“Totally original, a sheer roller coasterride ...Karp shows a master’s touch in his debut”
David Baldacci


 American author and “retired” marketing expert, Marshall Karp, has recently had his first novel The Rabbit Factory, published by Allison & Busby to much acclaim. Here, the author speaks with Chris High

Mike Lomax is such an “ordinary” “everyday” person that he breaks a lot of the “stereotypes” we have come to expect from fictional detectives. He’s not a drunk or a drug taker or a hard-hitter. He’s a widower who loves his job, his family and friends. Was this stepping away from “the norm” deliberate?


       I love that you say Mike is ordinary, everyday, and yet he’s not the norm.


 That’s because I didn’t create a cop.  First and foremost, I created a man – a genuine three-dimensional guy with all the warts, flaws and disappointments that one can accumulate in forty-two years on the planet. Then I added a devastating personal tragedy, the loss of his young wife.  Finally, I made him a homicide detective.  For me the essence of comedy, tragedy, and character development  - in fiction and in real life - is conflict. Because Mike is more defined by his personal pain, especially when we first meet him, we connect to the man before we even know what he does for a living. 


I’m a character writer. My goal was to create a hero who resonates in such a way that you feel you know him, you relate to him, maybe you even are him. If I gave you another hard-boiled, tough talking, two-fisted drinking cop, I’d be competing with writers who have done it brilliantly in the past but if I give you a character who reminds you of yourself, I’ve created someone familiar but totally fresh. He’s unique, just like you. I guarantee that if in my next book Mike screws up Valentine’s Day, the readers’ reaction will be “typical man,” not “stereotypical character.” 


Where did the idea of Joanie writing to Mike come from?


It’s part of my very own personal end-of-life plan. If a bus ever hits me you’ll have to settle for what I’ve left behind. That includes forty years of New Year’s Eve letters I’ve written to myself, and hundreds of diary pages that I started when I first wrote Squabbles and kept throughout my TV and movie careers. No one has ever read them, and I’ve asked my wife to burn them, but who knows if she’ll want to or even be able to. On the other hand, if a doctor gives me some advance notice like Joanie, I’ll be writing farewell letters.


How much of Marshall Karp is represented in Mike and Terry?


So much that I’d say I couldn’t have written this book twenty years ago. I wouldn’t have allowed so much of me to be exposed.  Mike is the sensitive, brooding, but hopefully everyman side of me. Terry is the New York wise-ass. Big Jim is the loveable, well-meaning, meddling father.

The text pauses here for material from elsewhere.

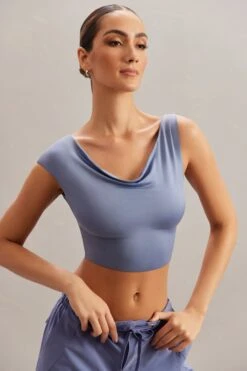 Cowl Neck Crop Top In Blue 15 Cowl Neck Crop Top In Blue -Sway Line Zone 5863 4 Yindi Blue Cowl Neck Top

And Joanie?  In Chapter Two she writes “it serves you right for marrying a first-born, perfectionist, Gemini, control freak.”  I’m the first-born, perfectionist, Gemini, control freak who inspired her.

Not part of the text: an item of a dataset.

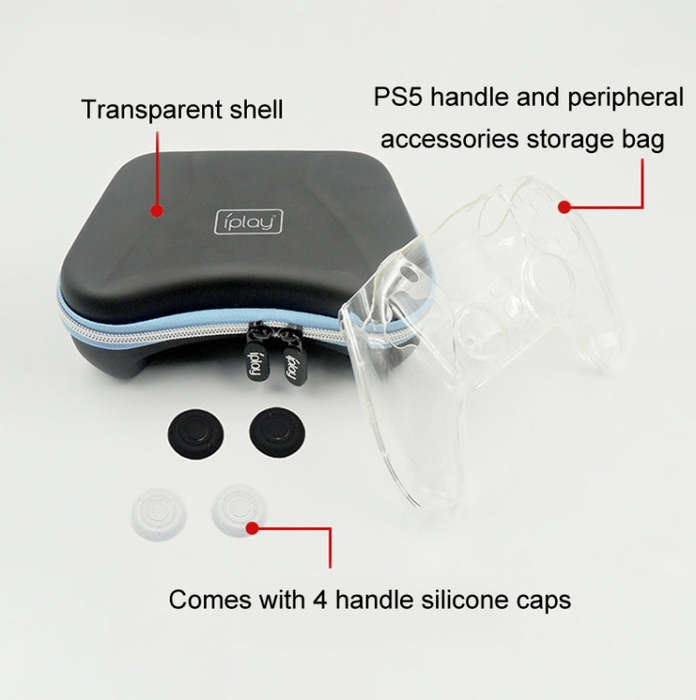 iPlay HBP-283 Gamepad Protective Shell Storage Bag For PS5(Handbag + PC Transparent Cover)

There is a lot of poignancy in the book, counter-balanced by many laugh-out-loud sections and I have to say Terry’s “Character Assassination” line had me chortling to myself for hours afterwards. Did you find the contrasts and pace of the novel difficult to sustain?


Not to sustain but, sometimes, to restrain. I love humour as a counterpunch to murder. So I figured as long as I’m killing “people”, why not kill my readers and make them laugh out loud. I have to make sure that I don’t put the laughs in the wrong places, though. There are times when humour is inappropriate.


Did you ever think that introducing Eddie Elkins in such a “jocular” manner on the first page was risky?


I wanted the reader to see Eddie as the patrons in the park saw him, ambling down Fantasy Avenue.  But the jocularity wasn’t the risk, because it is stripped away early on, when I let the reader know that Eddie is an unregistered paedophile. That was the risk. A paedophile on page one can turn a lot of people off, but of course, it was important to the story.  One of my neighbours said she was ready to kill me as she read Chapter One, and only changed her mind when I’d killed Eddie by the end of the chapter. 


Interestingly enough, I did what I think a lot of novelists, and especially first timers, do. I wrote Chapter One a dozen different ways, agonizing over every choice. When I finally finished the book, I went back and rewrote it effortlessly. 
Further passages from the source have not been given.